Blinded by horror, I could not fathom Osama bin Laden’s motives at the time of the September 11, 2001 tragedy. How indeed could I understand the intentions of a mass murderer, whose hatred of America festered like gangrenous rat pus in a psychic dungeon. But now I do understand. Of course, I could never condone the slaughter of innocent people. Given my pacifist sensibilities, I don’t even condone the killing of the culpable during times of war. But to understand is not to condone. It is rather to shine a klieg light into the darkest corners of the human mind and find that Osama may not be crouching alone in that lair.

Osama bin Laden knows the American psyche far better than we know ourselves. He knew that we would respond to the humiliation of the attack on the World Trade Center by lashing out in a crazed frenzy of vengeance and bloodlust. He knew that Americans would show so little respect for the Arab world that we would ignore distinctions between the secular Arab world of Saddam Hussein and the fundamentalist one of bin Laden. He probably even hoped that in our frenzy of militarism, we might rid him of his sworn enemy, the anti-Islamicist Saddam Hussein.

Osama orchestrated 9/11 in order to spark the kind of arrogant over-reaction that would reveal our shadow to the world. Hatred of America once limited to the Middle East, now encircles the globe.
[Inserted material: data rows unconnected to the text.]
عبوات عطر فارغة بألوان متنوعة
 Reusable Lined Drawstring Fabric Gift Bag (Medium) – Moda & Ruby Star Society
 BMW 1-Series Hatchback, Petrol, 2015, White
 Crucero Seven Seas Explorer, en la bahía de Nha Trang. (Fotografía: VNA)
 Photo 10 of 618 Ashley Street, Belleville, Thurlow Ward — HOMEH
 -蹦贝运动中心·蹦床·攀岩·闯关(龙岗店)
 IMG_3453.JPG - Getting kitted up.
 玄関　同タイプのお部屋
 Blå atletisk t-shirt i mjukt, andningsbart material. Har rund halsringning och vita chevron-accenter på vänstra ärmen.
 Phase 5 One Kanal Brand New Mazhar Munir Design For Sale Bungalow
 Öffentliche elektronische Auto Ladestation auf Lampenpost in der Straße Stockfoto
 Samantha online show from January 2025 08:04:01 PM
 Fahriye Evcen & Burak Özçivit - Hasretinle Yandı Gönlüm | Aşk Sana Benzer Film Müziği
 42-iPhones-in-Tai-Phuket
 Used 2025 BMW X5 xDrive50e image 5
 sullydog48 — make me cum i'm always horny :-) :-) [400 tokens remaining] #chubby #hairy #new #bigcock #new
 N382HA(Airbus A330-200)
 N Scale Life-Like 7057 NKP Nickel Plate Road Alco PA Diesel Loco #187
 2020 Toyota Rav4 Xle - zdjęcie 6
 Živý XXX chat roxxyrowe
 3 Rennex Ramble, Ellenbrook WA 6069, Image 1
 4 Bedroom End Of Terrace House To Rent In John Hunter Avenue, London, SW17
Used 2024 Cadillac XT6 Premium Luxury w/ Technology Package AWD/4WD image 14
Even our European allies have distanced themselves from this Administration, watching in shock and horror as we plunge Iraq into civil war and defecate on the Geneva Conventions.

So how have we allowed ourselves to be manipulated by a terrorist? We are arrogant rather than introspective. We disdain looking inwards, exploring the emotional landscape of our nationhood. We project violence onto other nations and religions without for an instance recognizing the role violence plays in our own national melodramas. We claim strategic interests in countries that we refuse to learn anything about.

As long as we maintain a semblance of democracy at home and a sufficiently high standard of living, most Americans don’t care to know what impact our foreign policy decisions are having on other societies. Operating from a base of such infinitesimal self-knowledge, we as a nation made ourselves vulnerable to the likes of bin Laden. Perhaps we will learn from this shameful episode in our history. Or maybe now that we are bathing in the blood of the innocent, 200 times more bathtubs' full than what bin Laden spilled on September 11, we will no longer need to search him out. Surely the blood sacrifice of more than half a million people will have earned us the privilege of joining him in the same dark cave of the soul he retreated into long ago.